De grootste hobbel lijkt de mogelijkheid voor het ontstaan van lekkages in gesloten ruimten. Ventilatie is een essentieel element om de risico’s daarvan te verminderen. “Om dat naar de praktijk te vertalen, werken we samen met technische leveranciers, bijvoorbeeld op het vlak van ventilatieoplossingen.
Het vereist dat zij openstaan voor eventuele verandering, om bijvoorbeeld hun concepten aan te passen. Zij komen met een voorstel, dat vertalen wij en we geven er advies over aan een gemeente.” De samenwerking met en medewerking van gemeenten is volgens Van Neer van groot belang om een waterstofproject te doen slagen. “Er is geen strak omkaderde toetsing, dus het voelt als samen pionieren.”
Begin kleinschalig
De wijken die het meest geschikt zijn voor verduurzaming met waterstof hebben vooral huizen uit vervlogen decennia. “Het is interessant om te kijken naar de wat oudere wijken. De eerste stap in verduurzaming is het zorgen voor een warme jas volgens de Trias Energetica. Soms krijgen we de woningen echter niet geïsoleerd op het niveau, waarop ze interessant zijn voor de toepassing van een warmtepomp. Juist op die plekken kan waterstof een uitkomst zijn.” Van Neer vindt dat het vooral een kwestie is van de handschoen oppakken en beginnen met waterstofprojecten. Welk advies geeft hij aan partijen die de eerste stappen willen zetten in een wijktransitie met behulp van waterstof? “Begin kleinschalig”, geeft hij aan. “Door relatief kleine stappen te maken, krijg je de financiering eenvoudiger rond en zijn de investeringskosten behapbaar. Door een begin te maken, zorg je voor een positief effect aan de aanbodzijde van de markt, die dan meer geprikkeld wordt om bijvoorbeeld brandstofcellen te maken en te ontwikkelen. Daarnaast zorgt het ervoor dat we meer praktijkervaring krijgen en dat we kennisdelen over de lessen die we leren.”

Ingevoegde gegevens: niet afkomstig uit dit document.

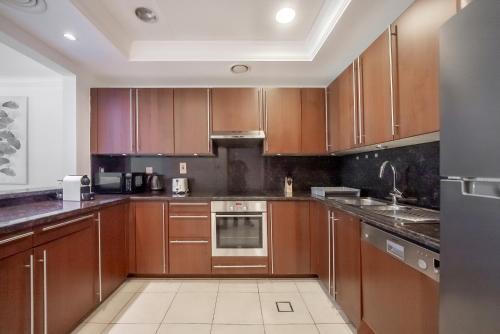 Stylish Urban Retreat 1BR Gem Fairmont Residence - 90AB2, Dubai (Foto 6)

Een ander advies betreft de communicatie met betrokkenen. “Onderschat de impact niet die je kunt maken met goede en duidelijke informatie over de transitie. Ga vroegtijdig om de tafel zitten met betrokkenen, zoals omwonenden, bewoners en bedrijfsleven, om samen de kansen in beeld te brengen en eventuele zorgen weg te nemen.”
Praktijkuitvoering blijft een uitdaging
De uitdaging schuilt nog in de uitvoering en de praktijkrealisaties. Het aantal waterstofprojecten is nog niet ontelbaar groot, dus de beschikbare kennis over gerealiseerde projecten is relatief beperkt. “Dat moeten we gezamenlijk gaan uitbreiden. Een mooi voorbeeld is een kans in een gemeente in het zuiden van het land. Daar is een grote logistieke loods gebouwd, waar tienduizenden zonnepanelen zorgen voor duurzame energieopwekking. Althans, dat was het plan. Het elektriciteitsnetwerk kan de energie niet aan. Daar zien we mogelijkheden om energie op te slaan en in te zetten om wijken te verwarmen. Zo hebben de zonnepanelen toch nut en versnellen we de transitie in die gemeente.”
Om het belang van waterstof in de warmtetransitie te laten groeien, moet er nog wel gewerkt worden aan bewustwording. “Nu is de overtuiging nog dat energieopslag niet altijd nodig is, maar de praktijk en actualiteit wijst anders uit. De rendementen van waterstof voor elektriciteitsopwekking nemen in de toekomst verder toe, maar dat betekent niet dat er op dit moment minder kansen zijn, integendeel. Daarom moet er goed gekeken worden naar subsidie voor waterstoftrajecten en moeten we stappen zetten om de infrastructuur in te richten voor die energieopslag.”
Daarnaast moet volgens hem niet alleen gepraat worden over de techniek en de toepassing van waterstof, maar gaat het er vooral om dat de handen uit de mouwen gaan: “We moeten onze nek uitsteken en de handen ineenslaan. Laten we waterstofprojecten laagdrempeliger maken en inzetten op toekomstbestendige energieopslag.”